▸ **WHAT IS NEEDED**:
An exact copy of the lines of the listing below between the "Psyllium Husk Powder" line and the "5G Mrs Name" line, both included, is the whole answer; please omit the pictures.

▸ **DATA**:
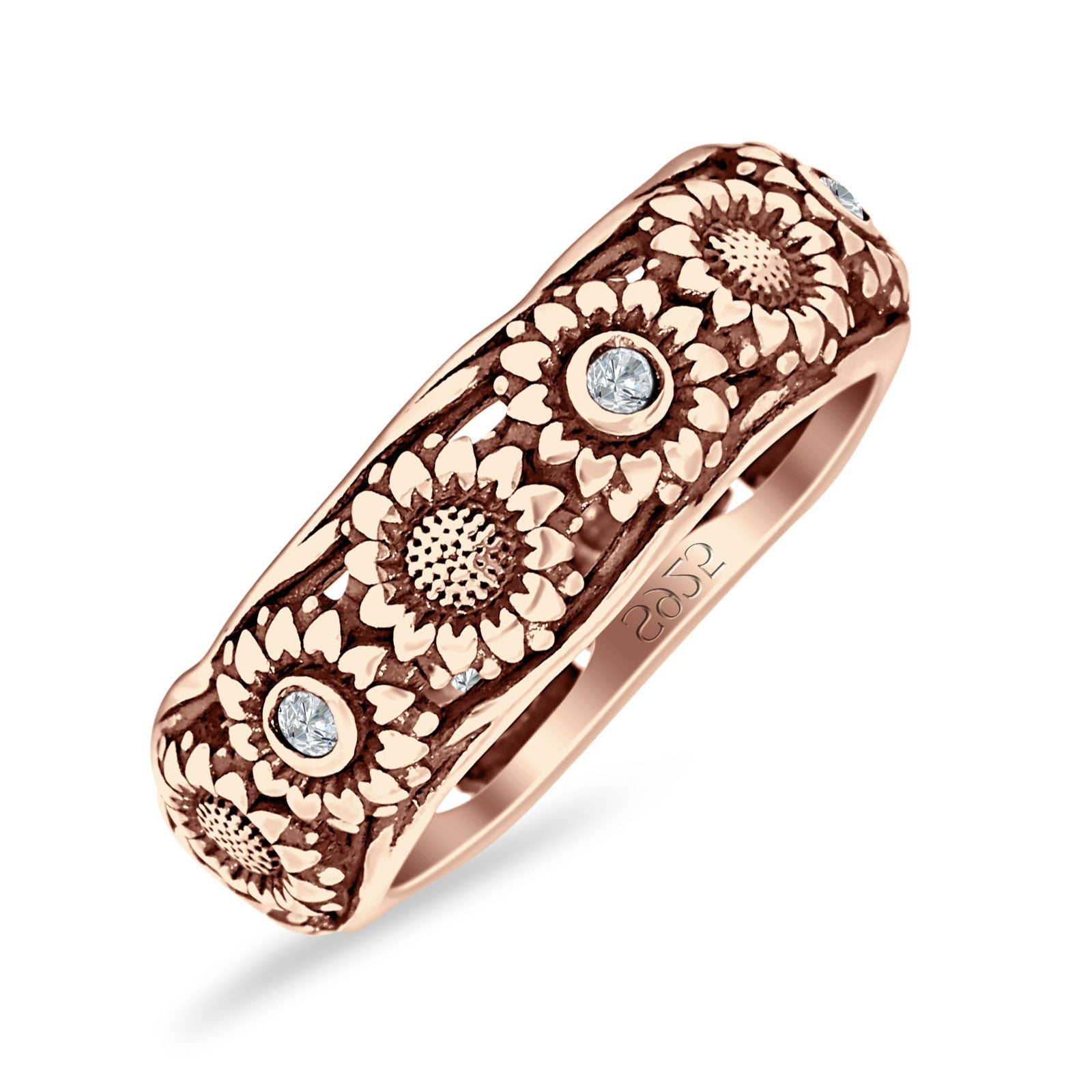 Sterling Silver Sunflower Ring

==

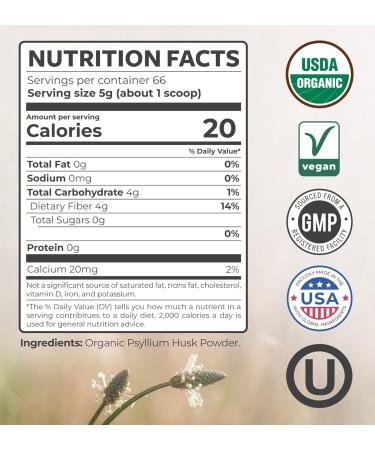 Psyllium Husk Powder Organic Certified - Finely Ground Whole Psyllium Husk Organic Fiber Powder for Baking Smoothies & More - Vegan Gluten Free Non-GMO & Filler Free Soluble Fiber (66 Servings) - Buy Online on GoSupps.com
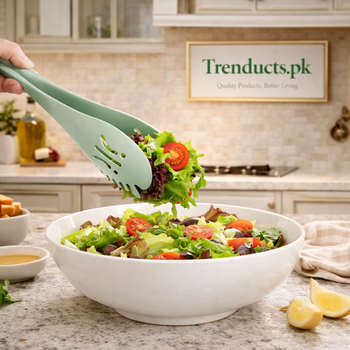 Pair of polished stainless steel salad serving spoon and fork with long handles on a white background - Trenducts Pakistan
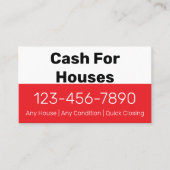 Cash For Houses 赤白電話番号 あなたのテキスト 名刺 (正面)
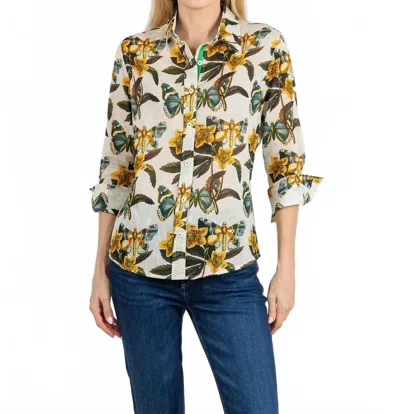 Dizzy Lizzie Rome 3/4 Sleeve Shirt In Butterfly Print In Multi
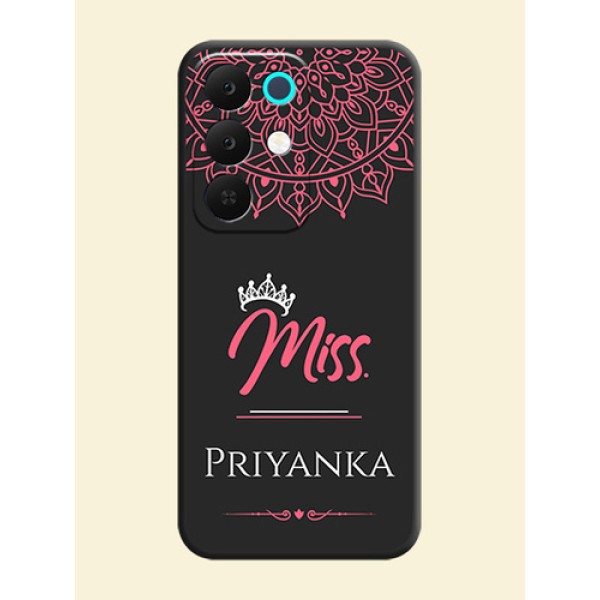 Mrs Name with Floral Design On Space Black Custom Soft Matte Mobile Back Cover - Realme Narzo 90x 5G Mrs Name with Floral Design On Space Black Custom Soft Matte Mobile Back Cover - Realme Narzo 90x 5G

...

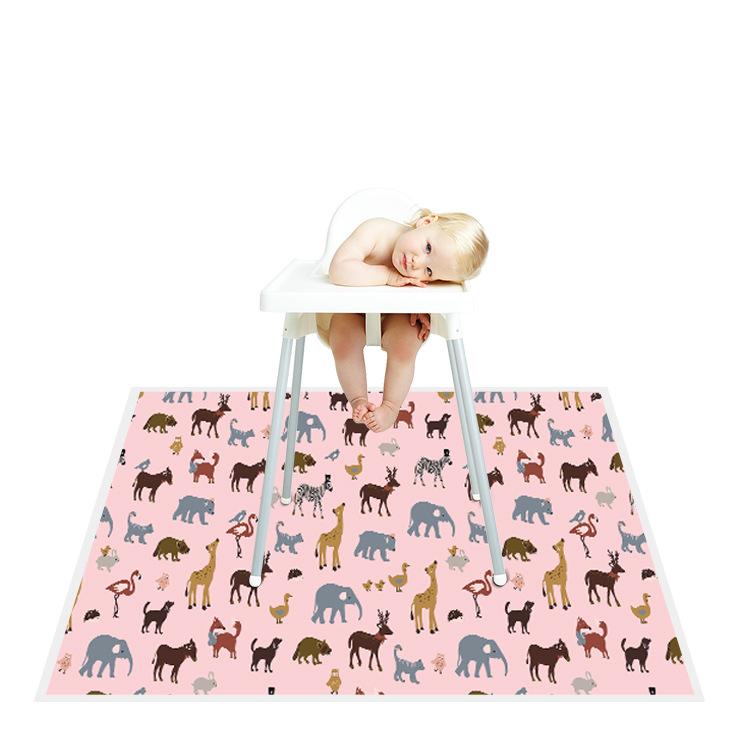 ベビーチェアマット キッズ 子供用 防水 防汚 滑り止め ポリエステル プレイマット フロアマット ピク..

▸ **WRITTEN SOLUTION**:
 Psyllium Husk Powder Organic Certified - Finely Ground Whole Psyllium Husk Organic Fiber Powder for Baking Smoothies & More - Vegan Gluten Free Non-GMO & Filler Free Soluble Fiber (66 Servings) - Buy Online on GoSupps.com
 Pair of polished stainless steel salad serving spoon and fork with long handles on a white background - Trenducts Pakistan
 Cash For Houses 赤白電話番号 あなたのテキスト 名刺 (正面)
 Dizzy Lizzie Rome 3/4 Sleeve Shirt In Butterfly Print In Multi
 Mrs Name with Floral Design On Space Black Custom Soft Matte Mobile Back Cover - Realme Narzo 90x 5G Mrs Name with Floral Design On Space Black Custom Soft Matte Mobile Back Cover - Realme Narzo 90x 5G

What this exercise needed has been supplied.